The Stellar foundation’s venture capital arm, the Enterprise Fund, has invested over $55 million across a dozen or so crypto and payments startups. The Foundation has also partnered with organizations like the UN Refugee Agency and P2P payments company MoneyGram on various initiatives.
McCaleb, 48, was among the first software engineers to build a cryptocurrency business. In 2010, he started Mt. Gox, which became the first major Bitcoin exchange. He sold Mt. Gox in 2011, before it was hacked.
In 2011, McCaleb began developing the source code of a token called XRP, which joined forces with the payments startup Ripple in 2012. Within a year, McCaleb left Ripple over reported disagreements with fellow founders.
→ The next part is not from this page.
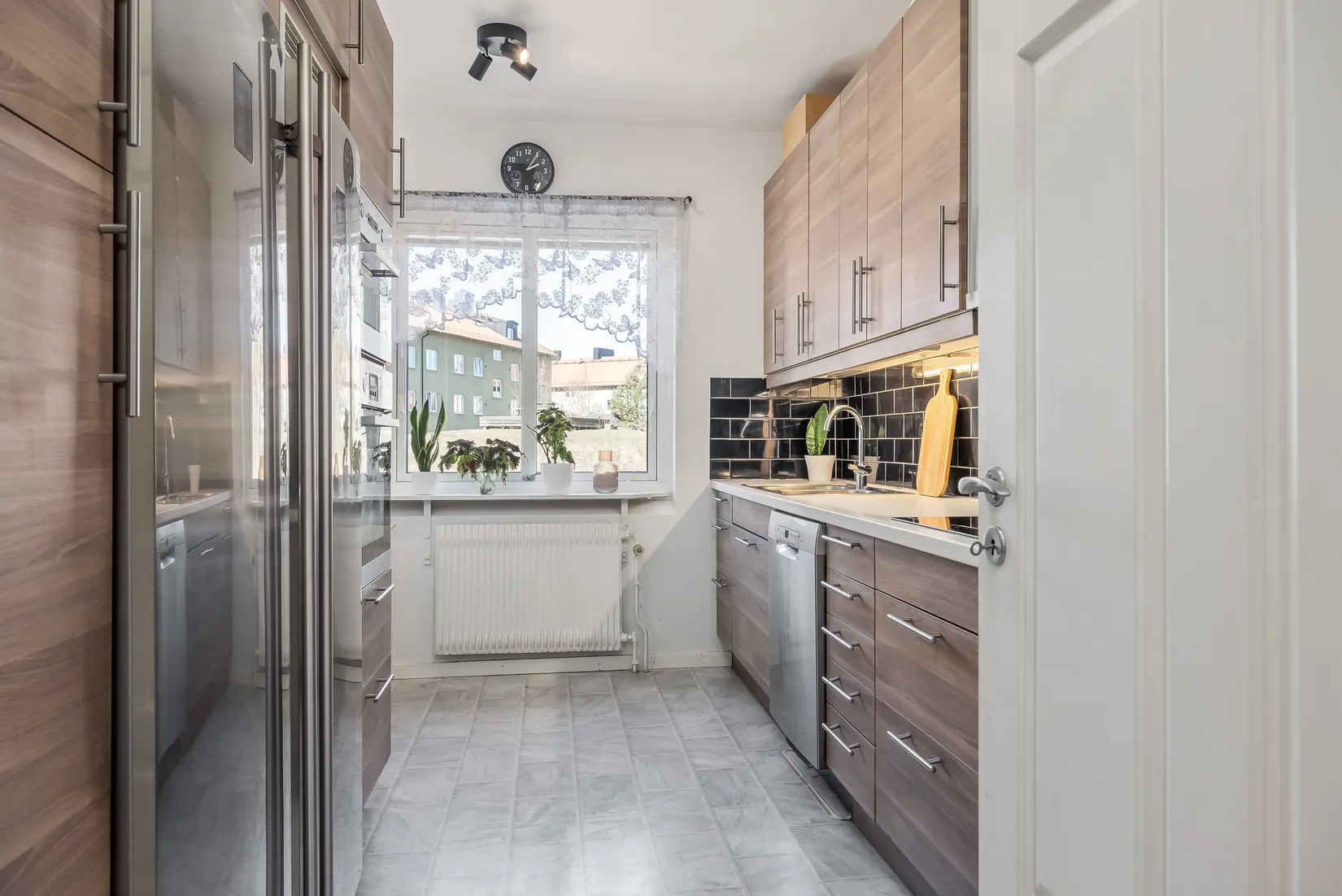 Bostadsrätt, Ekmans väg 20B, Centralt, Finspång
He signed a separation agreement, which limited the amount of XRP he could sell at once.
McCaleb, whom Forbes estimate is worth $2.4 billion, is one of the few crypto moguls who has retained his fortune amid the recent crypto crash. That’s because McCaleb sold much of his crypto at the peak of market froth.
McCaleb unwound around $2.5 billion worth of XRP tokens (pre tax) between December 2020 and July 2022. Today, XRP trades around $0.40 per coin, down around 50% from earlier this year, when McCaleb was dumping millions of dollars’ worth of tokens each week.